You’ve raised a common (and tragic) mis-conception about meditation practice. It’s NOT about getting rid of the crap in our heads. It’s NOT about becoming touchy-feely-floating-in-the-realms-of-rarified-atmosphere. In fact it’s actually about learning to live with all that shit that’s banging around in our heads, to be totally OK with how fucked up we are, and to transform the energy that would lead us to jump off the Piatt Andrew Bridge into more useful (and more fun) pursuits. In my experience it also opens up outlets for the creative explosions in our heads that most of humanity is desperately trying to keep hidden. Sorry, humanity. I may seem cool and collected on the surface, but at any moment I might explode with “Fuck you, civilization. It’s YOU who’ve hung Robin Williams. Wake up and smell the reality!”
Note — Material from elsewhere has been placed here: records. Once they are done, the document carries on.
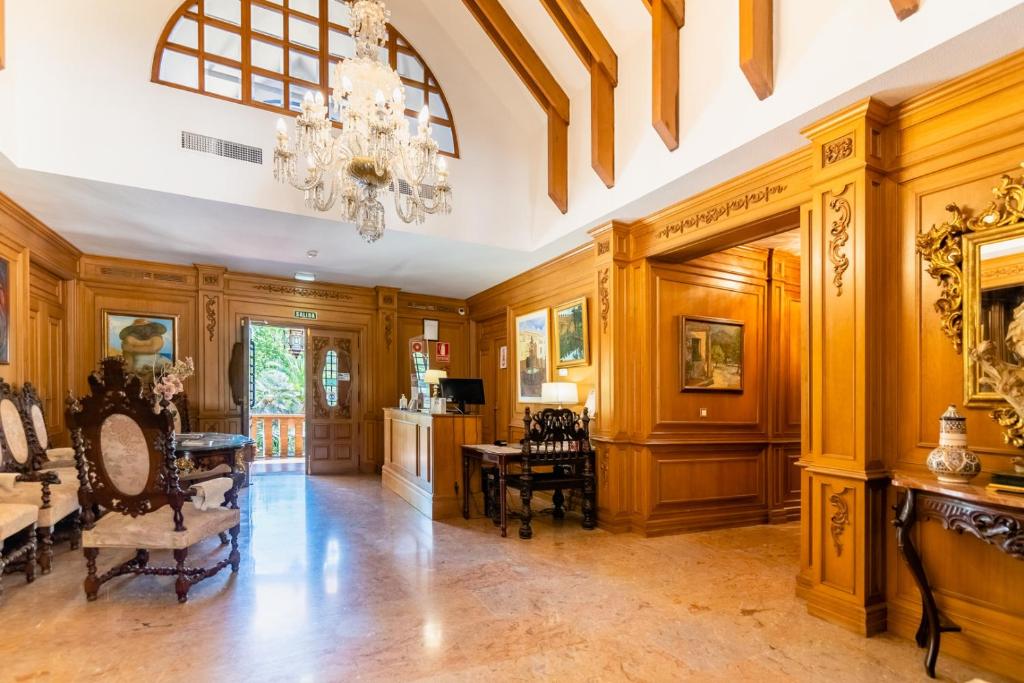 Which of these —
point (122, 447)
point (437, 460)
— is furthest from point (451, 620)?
point (437, 460)

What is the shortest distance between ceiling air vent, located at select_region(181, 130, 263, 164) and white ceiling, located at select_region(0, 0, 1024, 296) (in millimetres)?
63

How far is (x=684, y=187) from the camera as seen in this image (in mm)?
4469

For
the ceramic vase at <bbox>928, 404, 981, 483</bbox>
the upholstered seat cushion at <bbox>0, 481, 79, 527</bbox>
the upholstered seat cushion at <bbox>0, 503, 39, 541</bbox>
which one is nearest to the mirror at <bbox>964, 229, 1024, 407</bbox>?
the ceramic vase at <bbox>928, 404, 981, 483</bbox>

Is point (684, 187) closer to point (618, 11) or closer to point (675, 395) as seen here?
point (618, 11)

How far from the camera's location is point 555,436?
5336 millimetres

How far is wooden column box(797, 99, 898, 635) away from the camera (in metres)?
3.15

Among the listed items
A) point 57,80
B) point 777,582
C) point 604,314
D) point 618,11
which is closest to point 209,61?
point 57,80

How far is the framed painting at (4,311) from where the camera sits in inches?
193

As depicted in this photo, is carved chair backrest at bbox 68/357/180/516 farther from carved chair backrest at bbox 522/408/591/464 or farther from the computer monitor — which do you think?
the computer monitor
This is a good point, and I have a deep respect for anyone who goes inside their head and sorts things out for themselves and the rest of us. I probably haven’t been properly instructed, but my assumption (probs wrong) is that silencing the voices in our heads was the goal. For me, those voices are where the inspiration, ideas, commentary and entertainment come from. My wife has a joke that I have my own satellite called “The Dowdstar I” that begins transmitting when I’m on a topic. I fear the loss of transmission from that source more than anything else, and am willing to put up with the static to keep it. So I get nervous about things I presume are trying to silence my inner dialogue. Again, probably my misconception, but a lot of the people over the years who have encouraged me to meditate seem to assume I’m trying to rid myself of something. I just want control.
Really insightful post. On the meditation, I think the idea is more that you are putting yourself in a mental position of sitting back with your feet up and watching all the thoughts go by without responding to any urges to act on/react to them. Not to silence the thoughts or clear them out. But I do think that most people don’t understand when someone is like this and cannot just ‘turn their brain off’ and so I can see where the meditation suggestion would be annoying.
A couple comments Jamesdowd. My wife and I are a offering a course in our city, overviewing the different types of meditations and reasons to engage in them, for exactly the reasons coming up in this discussion. Many people don’t seem to understand that the different meditations, while they all involve developing the ability of sustained concentration, they all have very different processes and goals.
If you are doing a shamatha or absorption meditation, then yes the goal is get so concentrates on the object that the thoughts will stop.
if you are doing mindfulness, then you are ultimately practising absorption into the stillness or emptiness in which all experiential phenomena arise and fall away, sights, sounds, smells, feelings, and thoughts. In this case, the thoughts don’t need to stop, but they might with enough absorption into the stillness.
In vipassana meditation you might takes the thoughts as objects, and examine their qualities and structures, meditate on their qualities, not their contents, and some to see or have insight into the three characteristics – impermanence, unsatisfactoriness, and anatta, that its not you.
Great piece, thanks for sharing.
Thank you. Use the hot line, believe me it worked better than walking into the ocean with a pocket full of heavy rocks.